Interviste

Liam non ha dubbi: «I Beady Eye sono il migliore gruppo rock in circolazione»

Beady Eye intervista

Dopo un esordio affrettato e poco felice, finalmente i Beady Eye centrano l’obbiettivo con un nuovo album che parla il linguaggio semplice e diretto del rock’n’roll. Abbiamo incontrato Liam e soci per parlare proprio di BE. Ecco l’intervista.

Beady Eye intervista BE

È una giornata impegnativa per i quattro Beady Eye presenti a Milano, interamente dedicata alla presentazione del nuovo album. Un lavoro di cui andare fieri (leggi la nostra recensione), finalmente, e di cui discutiamo in una sala di Radio Deejay assieme a Gem Archer, Andy Bell, Chris Sharrock e, ovviamente, Liam Gallagher.
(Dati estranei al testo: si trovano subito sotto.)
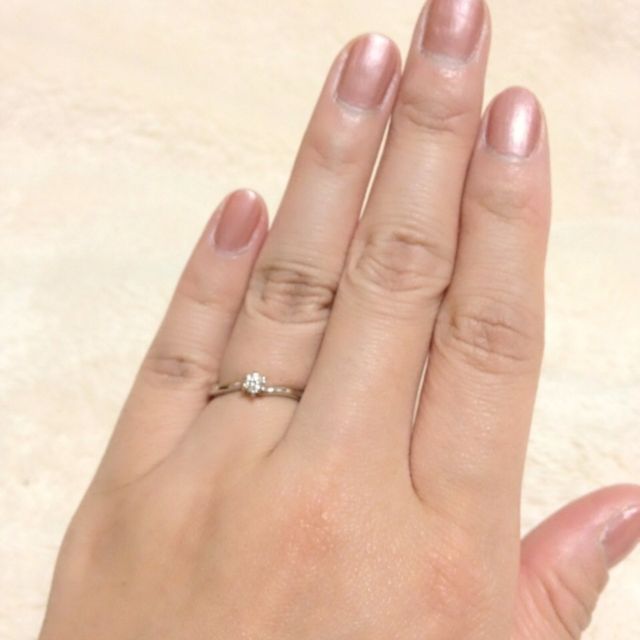 【4℃ BRIDAL(ヨンドシーブライダル)の口コミ】 ダイヤの質も輝きもカットも、とても良いのに値段もリーズナブルです。永…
Proprio lui, sempre al centro dell’attenzione – e spesso per motivi extramusicali – pare il più rilassato e sorridente, pronto a rispondere alle domande o a passare il testimone ai tre compagni. «Ti piace il disco? Noi siamo davvero soddisfatti, siamo la migliore rock’n’roll band che tu possa incontrare in giro». Modesto come da copione Liam, ma sul disco ha perfettamente ragione, BE potrebbe davvero essere quello che tutti gli orfani degli Oasis stavano aspettando da anni: british rock ai massimi livelli, con un tocco particolare dato dalla produzione di Dave Sitek dei TV On The Radio, come ricorda anche Gem «Non se l’aspettava nessuno un nome del genere come produttore dei Beady Eye, ma il suggerimento è arrivato dal nostro manager e dobbiamo dire che ha avuto ragione. Dave ha davvero offerto un punto di vista interessante e differente sui nostri pezzi e questo ha giovato al risultato finale».

Liam rafforza il concetto: «Noi facciamo i musicisti e preferiamo avere qualcuno dall’altra parte della sala di controllo a darci un parere obiettivo sulle canzoni. Poi spesso si tratta di discutere e mediare, anche di litigare se capita, ma per noi è meglio lavorare così». Uno dei punti di forza, merito anche di Sitek, sono gli arrangiamenti per fiati e orchestra, che regalano dei colori inediti ai Beady Eye. «Stiamo anche pensando a come riproporli dal vivo, ci piacerebbe una bella sezione fiati e abbiamo anche riarrangiato alcuni pezzi vecchi per l’occasione. Siamo una soul punk band, almeno dal vivo, devi venirci a vedere così puoi farti un’idea da solo!». Approfitteremo certamente dell’invito, magari non ora a Pistoia (dov’è in programa l’unico concerto annunciato fin’ora), ma di sicuro alla prima occasione in cui gli inglesi saranno dalle parti di Milano.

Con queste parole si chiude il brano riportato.